# Expected 72X speedup, observed 1.1X

I dreamed up a simple-looking task that I thought multithreading could accelerate. Running the file below (I named it `threadbench.jl`) proved me wrong: with 72 cores and 72 threads, the timings are not appreciably better than with a single thread. Understanding why I don’t get 72X speedup may help me in my long journey to improving some code I actually care about. Any ideas?

``````using Base.Threads

# This function does the same simple job either with or without threading.
function tt(invec; threadit=false)
outvec = zeros(size(invec))
if threadit
@threads for i in 1:size(invec,1)
outvec[i] = threadid()+invec[i]
end
else
for i in 1:size(invec,1)
outvec[i] = threadid()+invec[i]
end
end
return outvec
end

# Run the function once to make sure it's compiled
z = rand(1024)
y = tt(z)
y = tt(z,threadit=true) # Exercise all branches to be extra sure

x = round.(rand(2^27),digits=2)

println("Timing with one thread:")
@time y1 = tt(x,threadit=false)

println("Timing with \$(Threads.nthreads()) threads:")
@time y72 = tt(x,threadit=true)
``````

On my machine, the results are as follows:

``````Timing with one thread:
1.443072 seconds (2 allocations: 1.000 GiB, 3.54% gc time)
Timing with 72 threads:
1.263002 seconds (367 allocations: 1.000 GiB)
``````

Thanks!

``````julia> @time y1 = tt(x,threadit=false);
0.252025 seconds (2 allocations: 1.000 GiB, 0.79% gc time)

julia> @time y72 = tt(x,threadit=true);
0.227822 seconds (45 allocations: 1.000 GiB, 1.30% gc time)
``````

with 8 threads on my i7 laptop.
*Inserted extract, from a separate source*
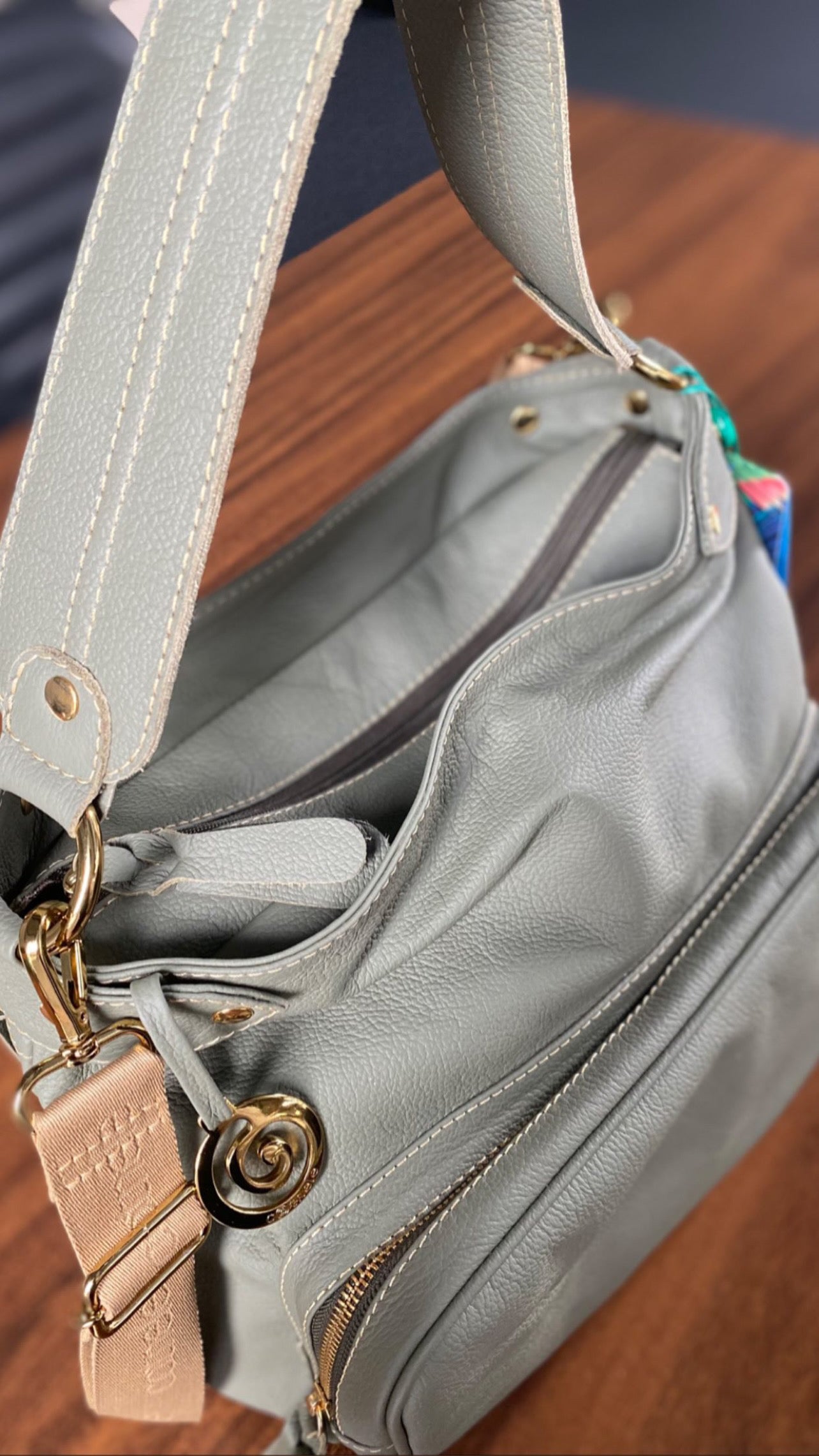 Bolsa Ester | Em couro legítimo premium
I have these speeds because I declared `x` to be `const`. What I am noticing is that the times jump wildly between 0.25 - 0.45 seconds for me in both scenarios.
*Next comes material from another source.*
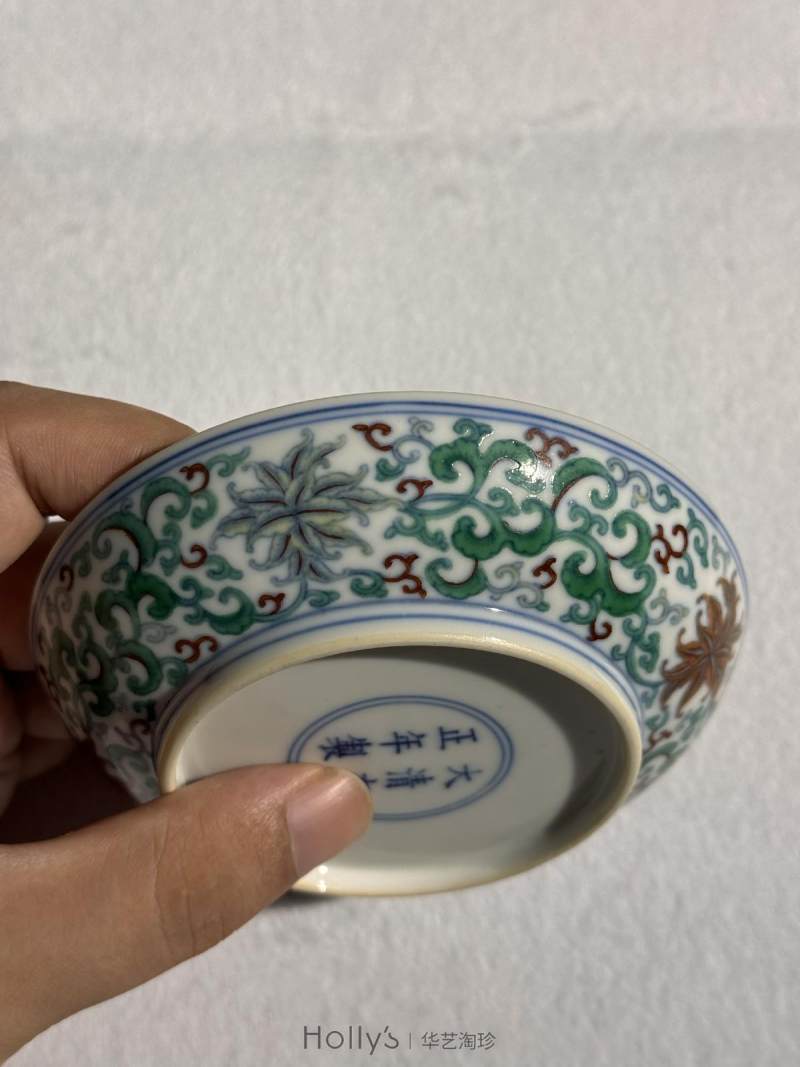清雍正 斗彩西番莲纹盘 （一对） - 图35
This code basically spends all its time reading/writing memory (the actual addition should be negligible), and your machine probably doesn’t have the memory bandwidth for all your cores to access that much RAM simultaneously (the 1GiB `invec` and `outvec` arrays are too big for the caches).

Try something compute-bound, not memory-bound.

17 Likes

Use `@btime tt(\$x,threadit=true);` from the BenchmarkTools.jl package instead of `@time`. It will take several measurements, so it will be less noisy, and the `\$x` means that you don’t need to declare `x` as `const` to avoid a global-variable penalty.

4 Likes

Thanks a lot, both of you, for taking the time to reply. I will continue on my journey of learning and exploration, hoping that the next issue I encounter will be worthy of starting a new thread (not continuing here).
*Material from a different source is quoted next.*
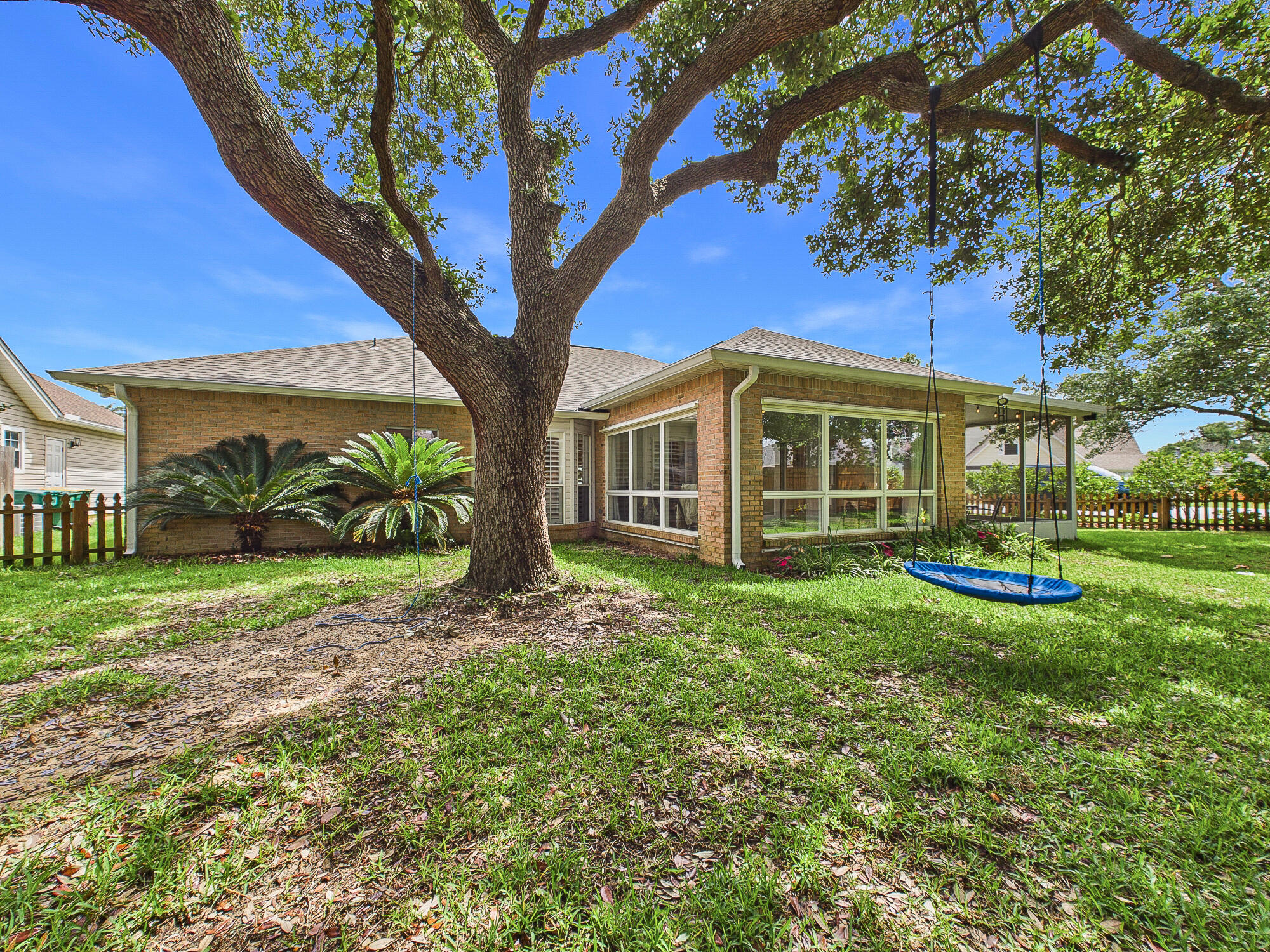 PARKWOOD PLACE AT BLUEWATER BAY - Residential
I took Steven’s advice and changed the task to be split into @threads: the new job was to compute a large number of random N-by-N determinants (with N=5 or N=3). At first I used the `LinearAlgebra.jl` package for this, and managed to crash BLAS: this was surprising / gratifying / educational! (Apparently OPENBLAS does its own threading, and the collision between that and my explicit threading requests was too much to handle.) Specifying OPENBLAS_NUM_THREADS=1 before starting Julia overcame this issue, but nonetheless the version of my task using @threads was significantly slower than the single-threaded version. Finally I wrote my own super-simple 3-by-3 determinant evaluator function, and then the threading approach allowed a modest speedup – around 6X. Perhaps memory access is still the bottleneck, since 10 Julia threads are just as fast as 72 for this operation.

There is no new question here, just a little story to confirm that I took your advice seriously and learned from it. Perhaps some future reader will, too. Thanks again!

3 Likes

Note that if you’re working with small arrays of fixed sizes, (smaller than `10x10` or so), `StaticArrays` will often be much faster since it stores the size of the array in the type, and therefore can generate specialized code.